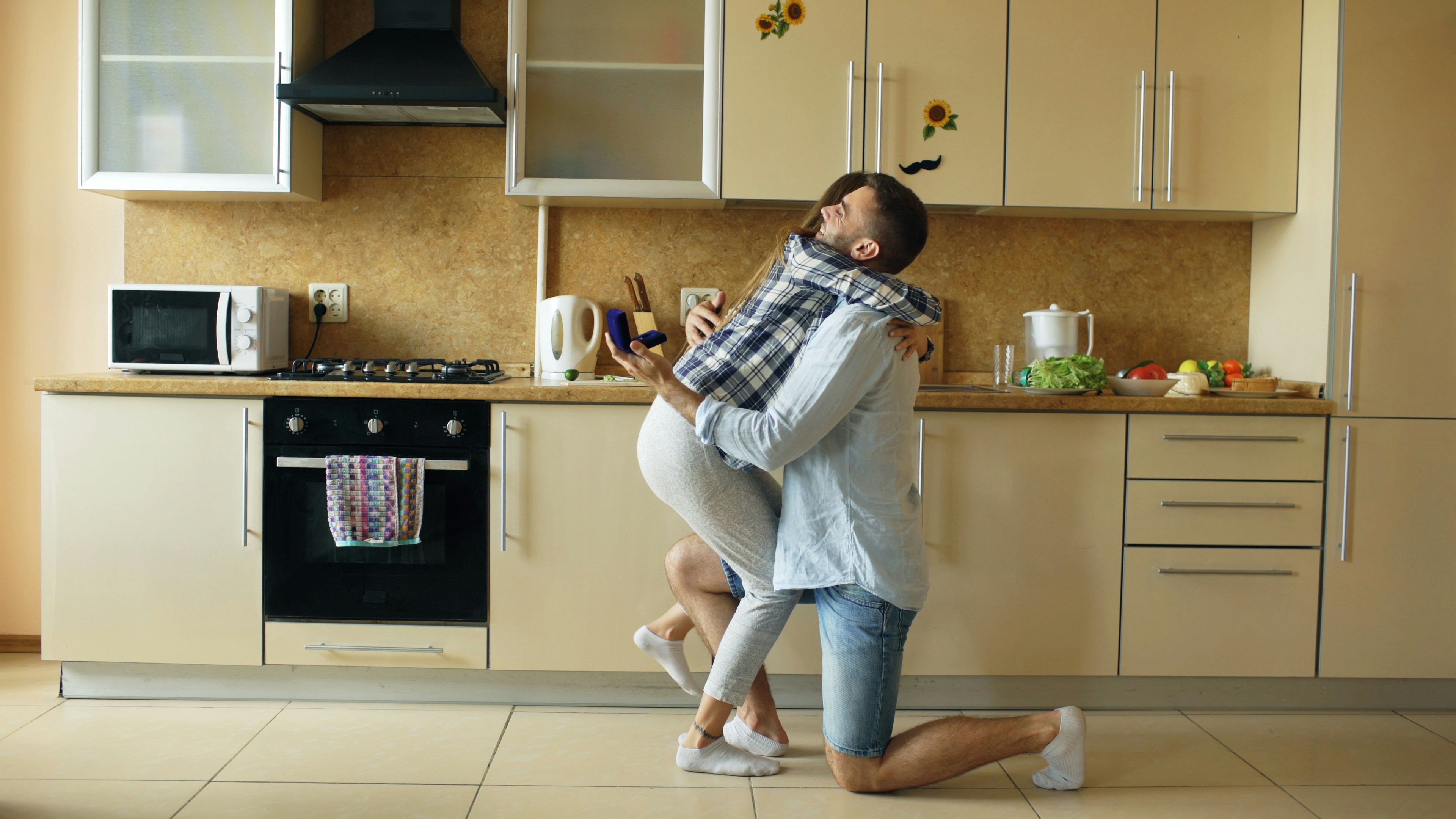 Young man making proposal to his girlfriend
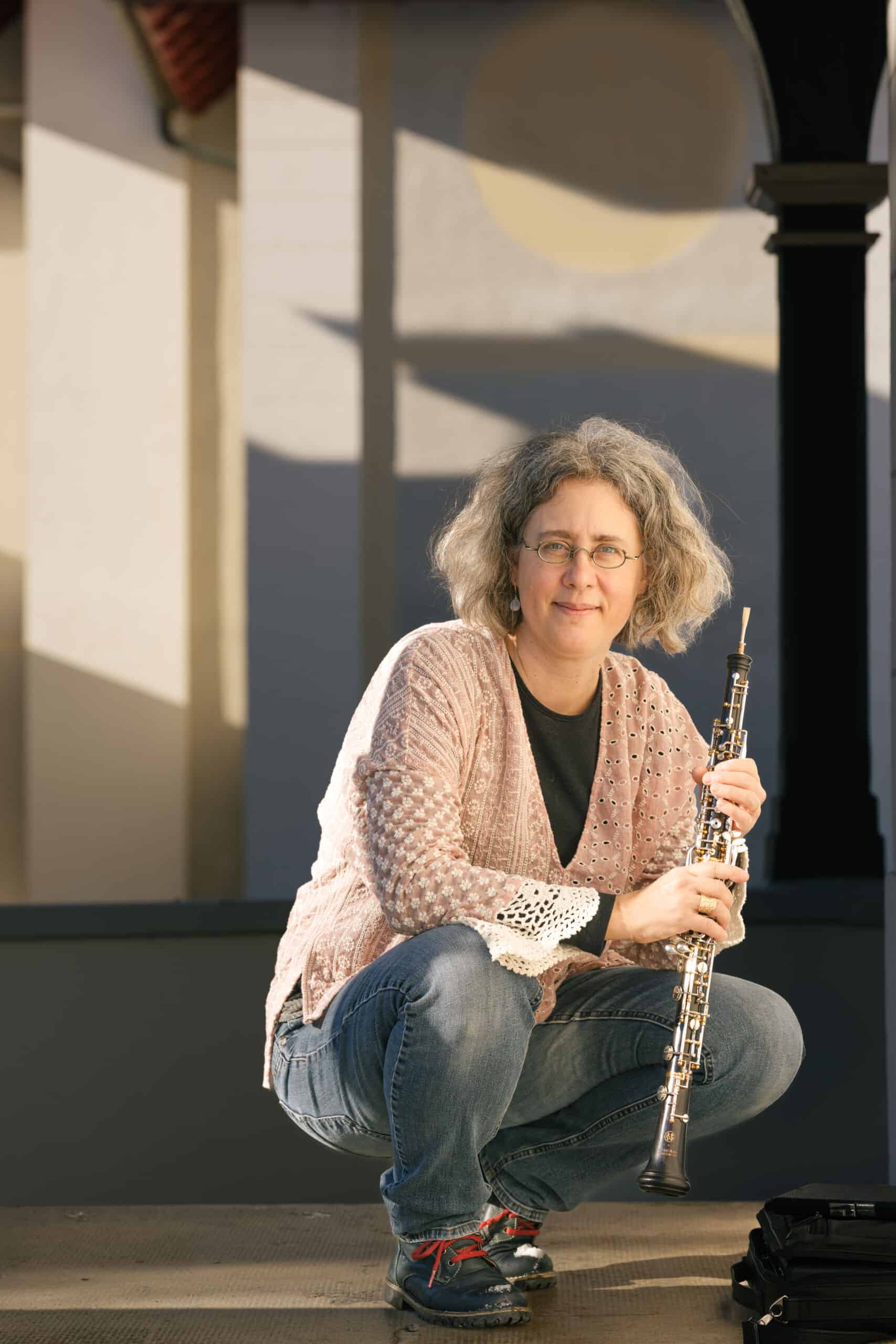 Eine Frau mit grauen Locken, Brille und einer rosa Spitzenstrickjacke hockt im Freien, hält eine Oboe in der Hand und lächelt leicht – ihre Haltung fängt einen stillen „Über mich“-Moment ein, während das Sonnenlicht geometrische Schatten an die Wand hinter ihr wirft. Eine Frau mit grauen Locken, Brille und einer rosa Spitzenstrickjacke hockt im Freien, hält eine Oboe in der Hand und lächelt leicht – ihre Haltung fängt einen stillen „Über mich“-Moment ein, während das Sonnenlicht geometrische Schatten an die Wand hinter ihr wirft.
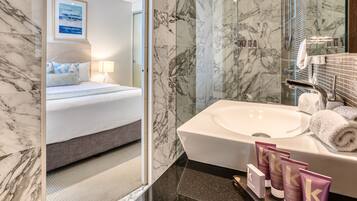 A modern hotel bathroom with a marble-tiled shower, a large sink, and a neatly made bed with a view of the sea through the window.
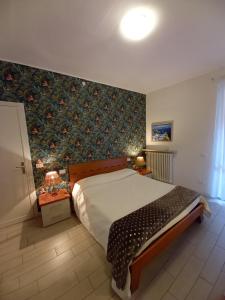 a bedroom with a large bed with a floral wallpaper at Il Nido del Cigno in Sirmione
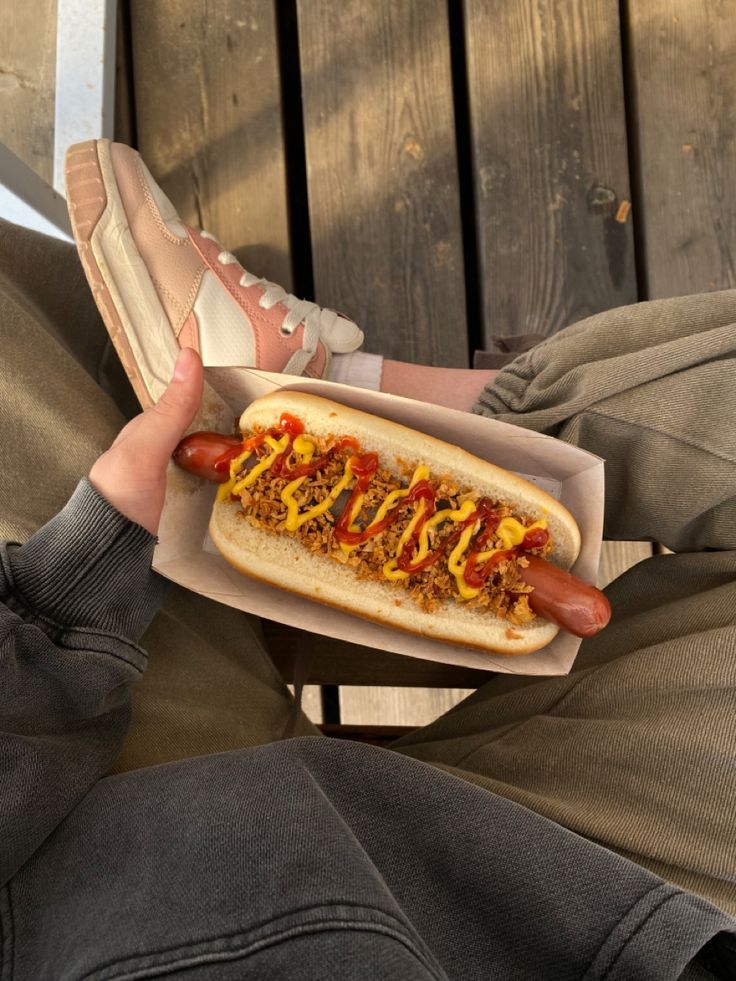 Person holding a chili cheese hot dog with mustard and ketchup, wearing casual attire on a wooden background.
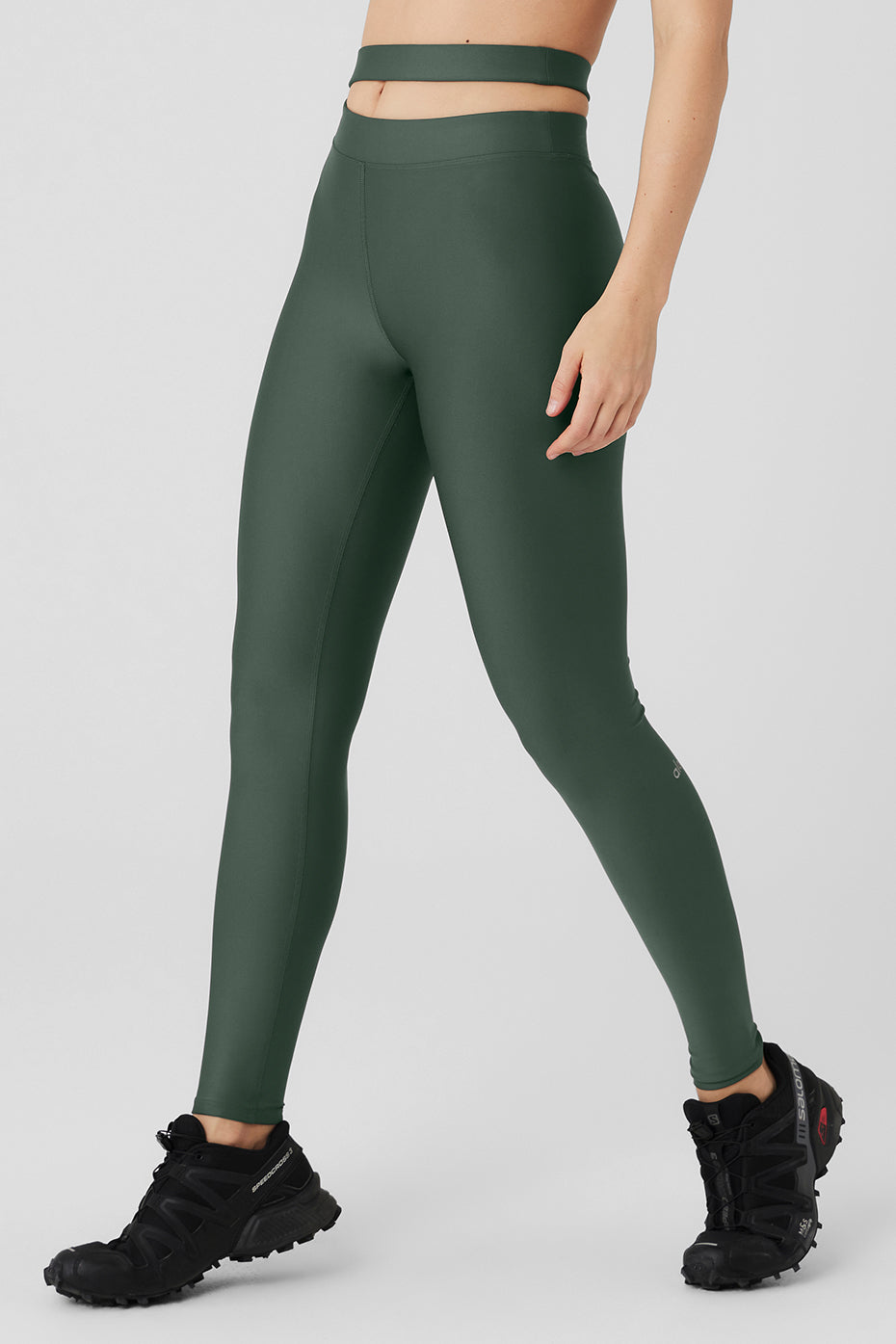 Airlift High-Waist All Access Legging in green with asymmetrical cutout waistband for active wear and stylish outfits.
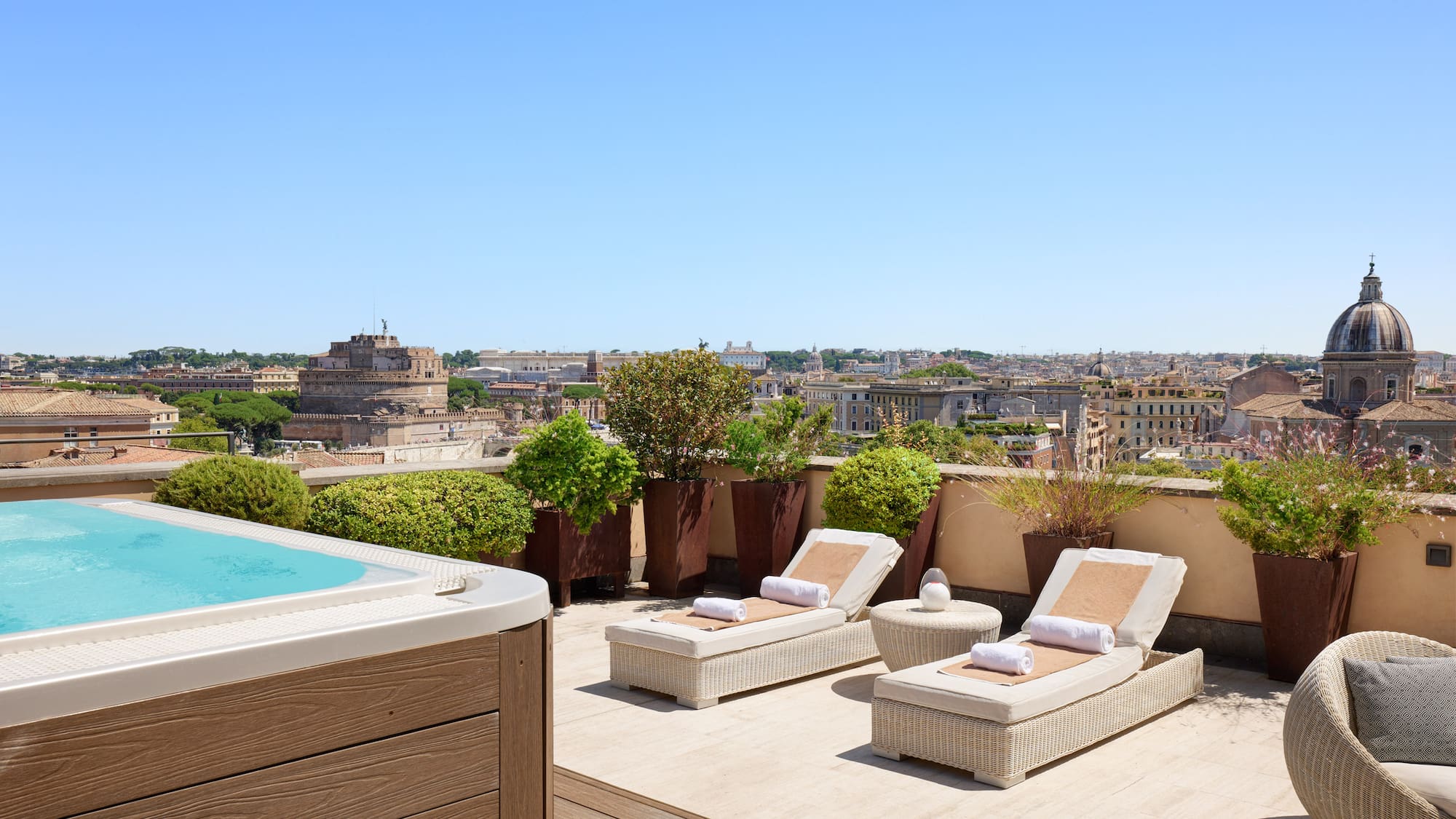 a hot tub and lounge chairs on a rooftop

....

- _Work task_
Copy exactly the lines from the line that holds "Airlift High-Waist All" to the end of the listing, both included. Leave the pictures out.

- _Response for this exercise_
 Airlift High-Waist All Access Legging in green with asymmetrical cutout waistband for active wear and stylish outfits.
 a hot tub and lounge chairs on a rooftop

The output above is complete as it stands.